**** Data section ****

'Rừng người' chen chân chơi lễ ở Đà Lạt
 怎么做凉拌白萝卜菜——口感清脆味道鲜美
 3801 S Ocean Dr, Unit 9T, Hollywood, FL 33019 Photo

****

Word for word and line for line, give the material again.

[Problem solution]
'Rừng người' chen chân chơi lễ ở Đà Lạt
 怎么做凉拌白萝卜菜——口感清脆味道鲜美
 3801 S Ocean Dr, Unit 9T, Hollywood, FL 33019 Photo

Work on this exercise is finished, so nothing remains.